If you are ever in a pinch, the notes app on your cellphone is a wonderful tool as well.

30 MINUTES: GO FOR A WALK

In Japan, there is a term used, shinrin-yoku, which translates to forest bathing: the act of being with nature on an intentional basis. Spending time in nature has incredible benefits for your social and emotional health, in addition to the physical benefits of walking and taking a break.

You don’t necessarily need luscious green space to get the benefit of walking outdoors; fresh air, sunshine, and the break from artificial lighting can all add to the benefits of moving your body and being active. 30 minutes is the standard recommendation, but this act of self-care could be as quick as a walk around the block.

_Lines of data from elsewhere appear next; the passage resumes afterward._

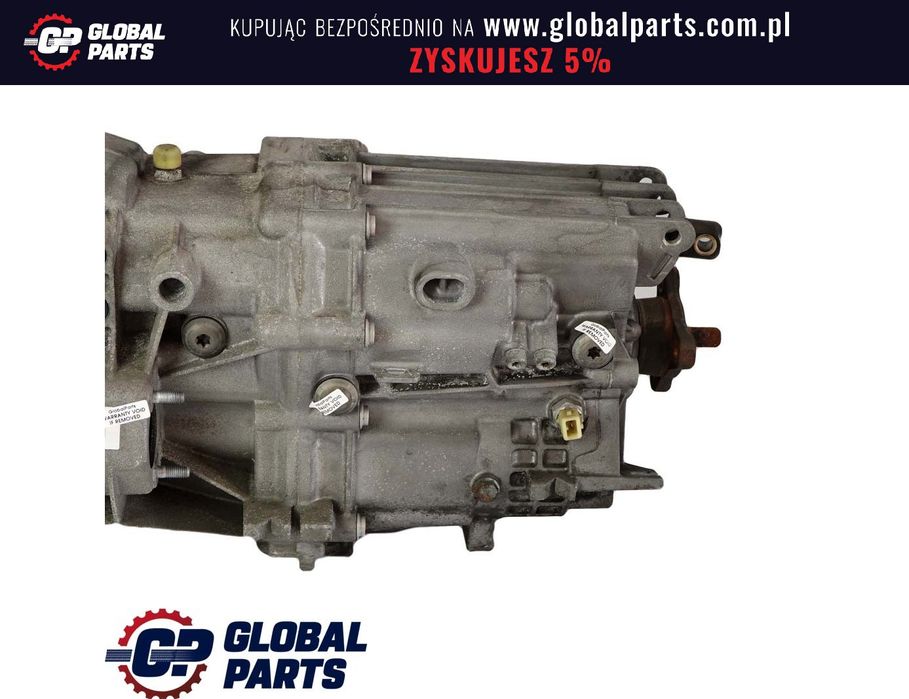 BMW E87 E90 116i 118i 120i 318i 320i N46 Skrzynia Biegów Manualna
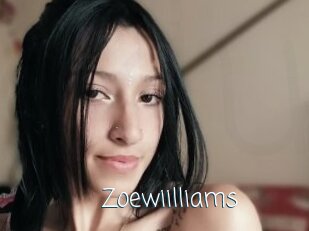 Zoewiilliams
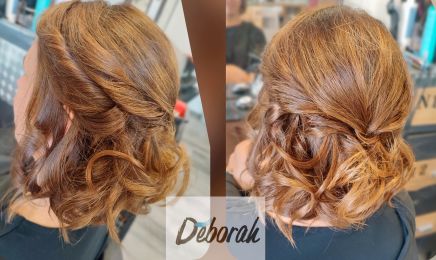 Salon Déborah Coiffure : Coiffeur à Gruchet-le-Valasse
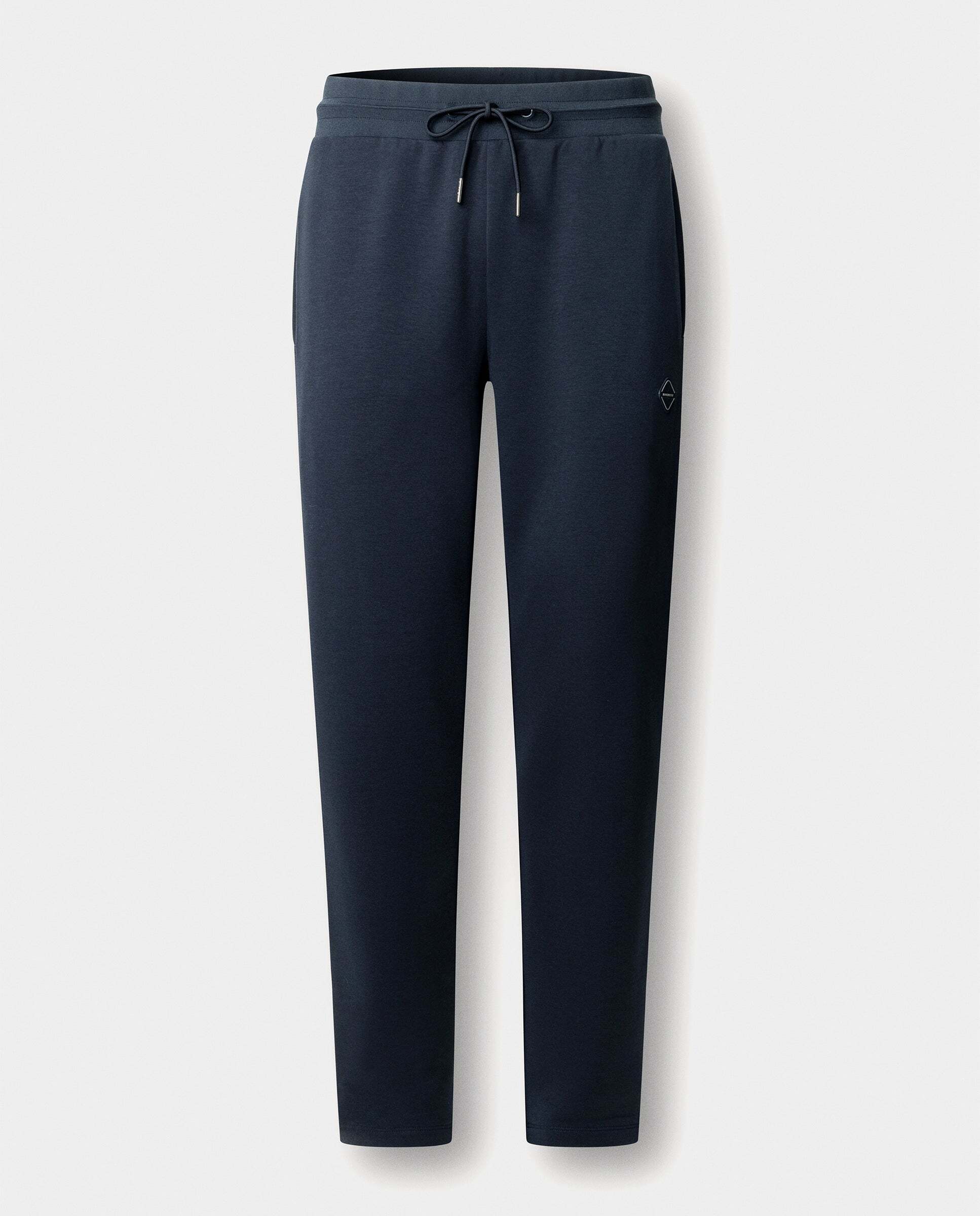 Jogger de felpa members track - Hackett - Azul Azul-6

60 MINUTES: SPEND TIME WITH A FRIEND

If you find yourself with a little more time on your hands, seeking social connection is a great way to add self-care. Whether it’s grabbing lunch, tucking away in a coffee shop for a catch up, or finding time to walk pets – meeting with a friend, co-worker or loved one is a great way to reconnect to the world outside of your classroom.

Friends bring perspective, offer advice, and are great ways to slow down and bring more mindfulness to your day. Offer to organize a lunch date this month and perhaps your friend can organize the next. Friends also make excellent walking partners.

I hope that whatever time you’re able to find in an afternoon, day, or week is prioritized for adding in self-care. When you build in self-care into your routine, you are a healthier and better version of yourself for your students and your school.